Зачем я себя обманываю? Той девочки в желтом платье больше нет, она выросла в ебанутую суку, а Джилл просто не может ей быть.
— Знаешь, я когда жил в Боу, в муниципальном доме, — сделал последнюю затяжку и бросил в чай окурок, он зашипел и принялся плавать, чем-то напоминая подводную лодку. — Всегда мечтал об особняке века девятнадцатого. Ни о чем больше не мечтал, только о нем.
Джилл закатила глаза и скривилась, обхватив себя руками. Наверное, пыталась сыграть отчаяние от моей тупости, но тогда хвататься надо было за голову, а не за локти.
— Ты просто невыносим, с тобой невозможно разговаривать! — Жаль, что вышла из комнаты столь стремительно — не успел предложить вообще со мной не разговаривать. Как по мне, так это будет решением всех наших проблем, которых неожиданно накопилась хуева гора за столь недолгий брак, сколько там… Два года?.. Почему сперва отношения выглядят манящими и устойчивыми, а потом все обязательно превращается в херню? Как, кстати, удобно ставить риторические вопросы — вот была ответственность, а вот как бы ее и нет: это не я, а судьба, фатум, злой рок — выбери, что лучше звучит — испортила четыре брака подряд.
Самое обидное, что Джилл считает меня тупым. Она даже особо не скрывала, что ходит к адвокату для консультаций. Понятно, что это за консультации — как отжать у мужа-алкоголика-тирана после развода побольше денег на тряпки. Оплачиваются консультации с моего же счета.
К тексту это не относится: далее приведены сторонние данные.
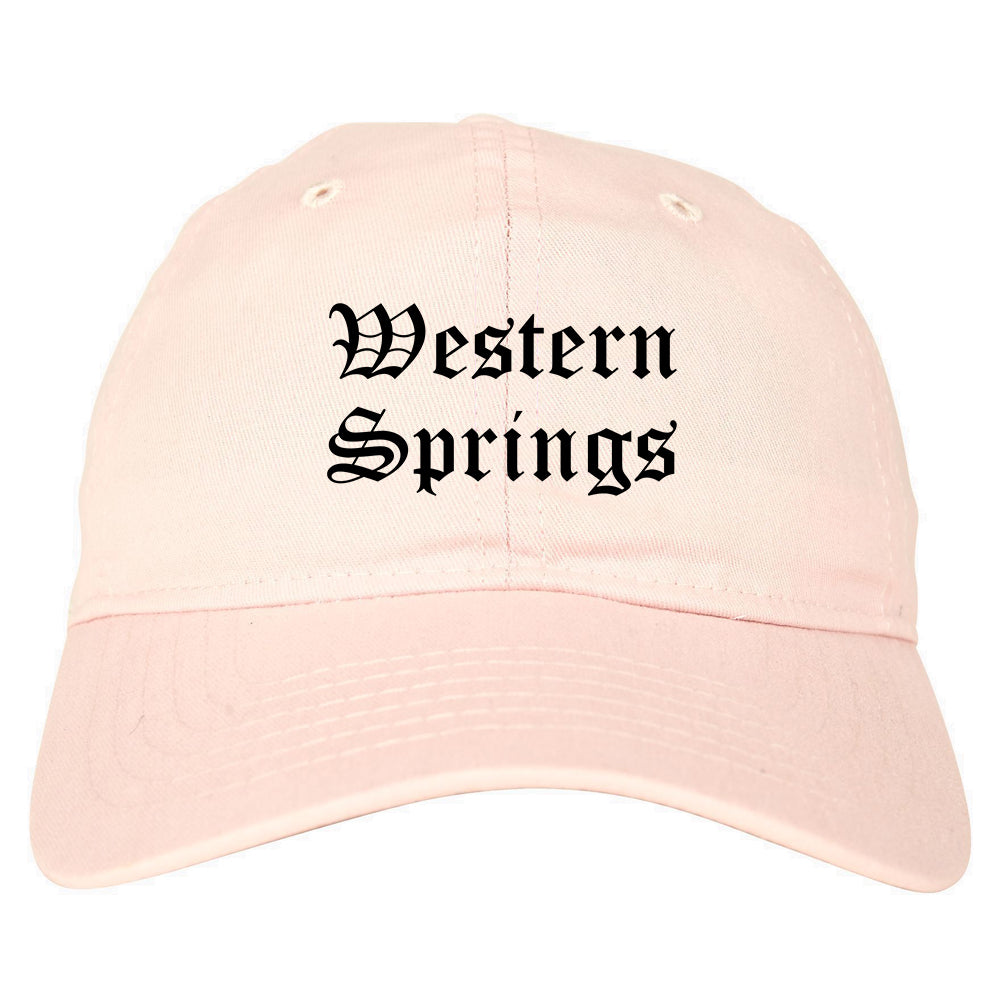 Western Springs Illinois IL Old English Mens Dad Hat Baseball Cap Pink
Достал новую сигарету из пачки, глубоко вздохнул, чтобы немного успокоиться. Хотя нет, как тут успокоишься, если не волнуешься. Более того, я даже не разочарован. Нет уже места для разочарования, полна коробочка, я и так разочарован собой, жизнью, своим прошлым, настоящим, да даже будущим — и тем заранее разочарован. У меня там внутри просто… Вчерашний чай.
Смешно, но не помню, когда дом успел стать таким приторно розовым. При какой из? Дочь в детстве любила играть в этой комнате, но тогда тут точно ничего не навевало мыслей о доме для потасканных Барби. Мы раскладывали на полу железную дорогу и устраивали крушение поезда.
У меня вообще большой опыт в этой сраной игре — сорок лет совершенствуюсь каждый день.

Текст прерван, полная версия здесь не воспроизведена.